Mnd. ham 'omgrensd stuk land' (nnd. Hamme); ofri. als plaatsnaam Hem 'hoek, land, landtong' [ca. 890; Künzel], hem 'dorp' (nfri. him); oe. hamm, homm 'omheind landstuk', ook in plaatsnamen: Hamme 'land in bocht van rivier'. Hiernaast wrsch. ook de werkwoorden mhd. hemmen, hamen 'ophouden, hinderen'; ofri. hemma 'hinderen'; oe. hemman 'hinderen, afsluiten' (ne. hamper); on. hemja 'beteugelen, tegenhouden' (nzw. hämma); < pgm. *hamjan-. Zie ook hamel 'gecastreerde ram'.

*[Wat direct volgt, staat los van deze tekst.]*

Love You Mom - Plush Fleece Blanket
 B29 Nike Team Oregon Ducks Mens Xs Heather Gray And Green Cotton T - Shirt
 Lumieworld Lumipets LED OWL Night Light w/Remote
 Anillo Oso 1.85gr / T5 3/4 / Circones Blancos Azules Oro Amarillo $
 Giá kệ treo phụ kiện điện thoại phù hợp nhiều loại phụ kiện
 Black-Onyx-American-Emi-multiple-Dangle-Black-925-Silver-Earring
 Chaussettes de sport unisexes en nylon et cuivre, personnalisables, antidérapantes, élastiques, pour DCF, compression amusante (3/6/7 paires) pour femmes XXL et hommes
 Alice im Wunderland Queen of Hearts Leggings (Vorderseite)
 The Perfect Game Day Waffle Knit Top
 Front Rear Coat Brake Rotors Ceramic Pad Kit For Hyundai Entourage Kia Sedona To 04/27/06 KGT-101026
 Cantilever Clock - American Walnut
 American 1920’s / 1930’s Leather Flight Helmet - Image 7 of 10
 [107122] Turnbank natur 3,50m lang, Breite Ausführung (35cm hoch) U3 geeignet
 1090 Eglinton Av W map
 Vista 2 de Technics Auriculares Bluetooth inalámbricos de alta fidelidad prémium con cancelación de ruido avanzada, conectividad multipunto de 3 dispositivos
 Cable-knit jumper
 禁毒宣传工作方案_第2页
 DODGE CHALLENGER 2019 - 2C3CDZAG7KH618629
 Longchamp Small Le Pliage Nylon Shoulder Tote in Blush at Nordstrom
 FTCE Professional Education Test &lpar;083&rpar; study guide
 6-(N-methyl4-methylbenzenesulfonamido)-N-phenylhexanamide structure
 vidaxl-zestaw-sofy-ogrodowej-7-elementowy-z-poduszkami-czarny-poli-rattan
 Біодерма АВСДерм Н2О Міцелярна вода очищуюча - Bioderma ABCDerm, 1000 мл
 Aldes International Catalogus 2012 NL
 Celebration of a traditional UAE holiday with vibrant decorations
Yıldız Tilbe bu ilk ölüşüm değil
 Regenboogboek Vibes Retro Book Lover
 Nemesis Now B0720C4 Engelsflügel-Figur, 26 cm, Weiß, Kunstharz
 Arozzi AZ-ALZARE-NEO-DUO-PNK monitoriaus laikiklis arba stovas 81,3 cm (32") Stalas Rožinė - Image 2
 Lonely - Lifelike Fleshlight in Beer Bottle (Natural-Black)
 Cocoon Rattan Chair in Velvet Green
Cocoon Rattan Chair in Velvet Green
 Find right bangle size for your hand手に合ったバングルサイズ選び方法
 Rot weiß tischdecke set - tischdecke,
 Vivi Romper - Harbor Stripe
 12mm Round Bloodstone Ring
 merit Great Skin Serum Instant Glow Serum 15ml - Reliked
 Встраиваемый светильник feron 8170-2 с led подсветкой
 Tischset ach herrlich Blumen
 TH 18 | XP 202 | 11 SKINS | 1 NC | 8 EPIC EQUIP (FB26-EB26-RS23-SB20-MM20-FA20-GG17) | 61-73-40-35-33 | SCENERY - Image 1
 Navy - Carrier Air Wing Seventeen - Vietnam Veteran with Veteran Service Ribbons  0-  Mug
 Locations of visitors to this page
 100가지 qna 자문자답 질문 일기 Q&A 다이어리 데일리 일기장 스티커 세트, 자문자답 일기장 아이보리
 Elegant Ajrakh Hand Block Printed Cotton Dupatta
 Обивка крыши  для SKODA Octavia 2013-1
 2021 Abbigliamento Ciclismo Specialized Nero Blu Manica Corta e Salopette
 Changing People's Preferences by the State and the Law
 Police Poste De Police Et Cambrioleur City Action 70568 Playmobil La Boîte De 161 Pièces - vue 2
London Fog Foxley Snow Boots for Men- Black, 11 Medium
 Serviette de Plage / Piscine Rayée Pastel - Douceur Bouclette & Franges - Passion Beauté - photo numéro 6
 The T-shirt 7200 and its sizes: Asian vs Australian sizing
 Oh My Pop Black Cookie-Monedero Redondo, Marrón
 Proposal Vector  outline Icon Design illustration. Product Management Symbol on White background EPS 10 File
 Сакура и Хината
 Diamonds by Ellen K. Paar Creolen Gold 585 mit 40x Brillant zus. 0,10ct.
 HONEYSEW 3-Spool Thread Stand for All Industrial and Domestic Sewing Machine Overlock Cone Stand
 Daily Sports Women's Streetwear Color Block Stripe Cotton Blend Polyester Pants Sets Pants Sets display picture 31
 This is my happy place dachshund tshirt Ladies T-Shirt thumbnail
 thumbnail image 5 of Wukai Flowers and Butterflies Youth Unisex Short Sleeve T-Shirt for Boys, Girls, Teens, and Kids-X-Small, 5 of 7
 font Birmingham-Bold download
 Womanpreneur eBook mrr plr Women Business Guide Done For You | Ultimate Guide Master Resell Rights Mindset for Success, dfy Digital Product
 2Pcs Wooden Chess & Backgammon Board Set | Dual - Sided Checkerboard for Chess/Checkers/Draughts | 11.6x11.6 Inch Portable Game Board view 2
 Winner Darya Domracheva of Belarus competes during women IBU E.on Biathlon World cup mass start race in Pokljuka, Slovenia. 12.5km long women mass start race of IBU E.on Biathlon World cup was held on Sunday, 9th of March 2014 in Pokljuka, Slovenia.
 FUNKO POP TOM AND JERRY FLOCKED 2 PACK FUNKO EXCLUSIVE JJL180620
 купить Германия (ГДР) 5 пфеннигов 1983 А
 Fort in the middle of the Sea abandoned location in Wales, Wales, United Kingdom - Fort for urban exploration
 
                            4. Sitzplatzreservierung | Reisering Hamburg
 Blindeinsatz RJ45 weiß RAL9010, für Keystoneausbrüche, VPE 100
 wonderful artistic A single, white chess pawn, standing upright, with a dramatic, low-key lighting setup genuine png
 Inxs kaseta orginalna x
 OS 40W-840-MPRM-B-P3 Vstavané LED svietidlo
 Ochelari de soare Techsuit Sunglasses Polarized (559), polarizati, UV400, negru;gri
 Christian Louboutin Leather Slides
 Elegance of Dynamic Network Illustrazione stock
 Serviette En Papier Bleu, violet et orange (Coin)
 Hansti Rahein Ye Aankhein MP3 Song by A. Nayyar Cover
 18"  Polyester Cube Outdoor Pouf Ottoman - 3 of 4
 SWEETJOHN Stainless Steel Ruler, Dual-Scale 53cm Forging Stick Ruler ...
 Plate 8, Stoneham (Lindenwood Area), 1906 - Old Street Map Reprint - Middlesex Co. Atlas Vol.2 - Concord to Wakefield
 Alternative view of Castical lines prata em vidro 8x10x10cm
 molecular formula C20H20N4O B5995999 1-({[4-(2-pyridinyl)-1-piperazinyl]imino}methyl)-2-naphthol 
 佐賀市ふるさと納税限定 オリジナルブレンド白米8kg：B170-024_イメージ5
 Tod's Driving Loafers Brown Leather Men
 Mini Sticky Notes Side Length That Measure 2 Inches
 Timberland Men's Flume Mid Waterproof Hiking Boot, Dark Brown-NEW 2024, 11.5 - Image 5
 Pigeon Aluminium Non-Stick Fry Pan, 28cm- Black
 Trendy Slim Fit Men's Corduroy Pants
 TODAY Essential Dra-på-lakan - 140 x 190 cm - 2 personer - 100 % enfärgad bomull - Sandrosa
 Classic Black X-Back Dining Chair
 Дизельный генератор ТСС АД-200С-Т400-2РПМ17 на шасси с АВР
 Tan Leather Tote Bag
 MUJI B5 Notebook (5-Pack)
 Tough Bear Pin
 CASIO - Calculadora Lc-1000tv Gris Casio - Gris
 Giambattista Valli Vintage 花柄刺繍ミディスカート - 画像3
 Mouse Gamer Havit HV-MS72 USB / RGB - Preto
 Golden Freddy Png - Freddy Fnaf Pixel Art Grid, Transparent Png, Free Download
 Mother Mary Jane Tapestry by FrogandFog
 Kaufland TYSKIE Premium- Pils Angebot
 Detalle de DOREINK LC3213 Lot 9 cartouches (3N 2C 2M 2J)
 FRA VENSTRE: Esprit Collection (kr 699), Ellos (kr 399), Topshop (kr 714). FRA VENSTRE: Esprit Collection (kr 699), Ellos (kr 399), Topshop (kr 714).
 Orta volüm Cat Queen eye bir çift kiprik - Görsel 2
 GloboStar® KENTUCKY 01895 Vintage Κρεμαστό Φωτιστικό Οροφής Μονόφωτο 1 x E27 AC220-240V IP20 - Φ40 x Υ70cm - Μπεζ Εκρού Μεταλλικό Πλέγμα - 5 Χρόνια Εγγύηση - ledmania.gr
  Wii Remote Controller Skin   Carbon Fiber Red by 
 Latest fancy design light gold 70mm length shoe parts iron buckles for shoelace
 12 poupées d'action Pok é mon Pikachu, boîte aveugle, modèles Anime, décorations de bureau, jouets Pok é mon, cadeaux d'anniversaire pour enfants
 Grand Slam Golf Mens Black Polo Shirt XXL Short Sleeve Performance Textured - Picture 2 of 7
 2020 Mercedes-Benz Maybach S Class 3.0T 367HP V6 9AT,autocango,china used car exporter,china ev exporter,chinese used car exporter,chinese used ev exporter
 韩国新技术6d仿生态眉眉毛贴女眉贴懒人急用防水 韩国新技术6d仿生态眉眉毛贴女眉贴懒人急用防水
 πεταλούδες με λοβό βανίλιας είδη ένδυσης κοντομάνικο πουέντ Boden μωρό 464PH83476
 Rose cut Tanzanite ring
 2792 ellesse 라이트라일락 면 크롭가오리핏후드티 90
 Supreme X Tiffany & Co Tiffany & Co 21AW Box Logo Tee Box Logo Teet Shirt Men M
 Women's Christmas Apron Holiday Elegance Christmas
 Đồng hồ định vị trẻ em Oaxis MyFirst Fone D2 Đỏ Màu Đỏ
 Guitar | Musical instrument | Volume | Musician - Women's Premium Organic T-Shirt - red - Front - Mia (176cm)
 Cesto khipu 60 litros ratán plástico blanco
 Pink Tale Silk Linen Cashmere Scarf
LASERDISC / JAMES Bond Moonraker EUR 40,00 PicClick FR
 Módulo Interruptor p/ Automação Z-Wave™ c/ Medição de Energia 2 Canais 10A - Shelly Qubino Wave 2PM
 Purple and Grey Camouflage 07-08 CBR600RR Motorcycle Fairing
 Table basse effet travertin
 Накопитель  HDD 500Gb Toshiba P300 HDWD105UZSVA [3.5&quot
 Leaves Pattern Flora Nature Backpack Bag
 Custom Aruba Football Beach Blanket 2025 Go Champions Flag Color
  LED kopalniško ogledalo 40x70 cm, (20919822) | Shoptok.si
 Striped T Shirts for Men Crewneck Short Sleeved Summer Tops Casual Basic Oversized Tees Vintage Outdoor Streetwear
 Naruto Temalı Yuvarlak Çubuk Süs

Wrsch. verwant met: Lets kams 'klomp'; Litouws kamuoti 'kwellen, plagen'; Russisch kom 'klomp'; Armeens kamel 'persen, wringen'; < pie. *kem- 'samendrukken, persen, hinderen' (IEW 555).
Ham is behalve in toponiemen alleen nog bekend in de samenstelling inham en verder in enkele dialecten (vooral Zuid-Nederlands en Oost-Gelders) met de betekenis '(aan het water gelegen) weiland'.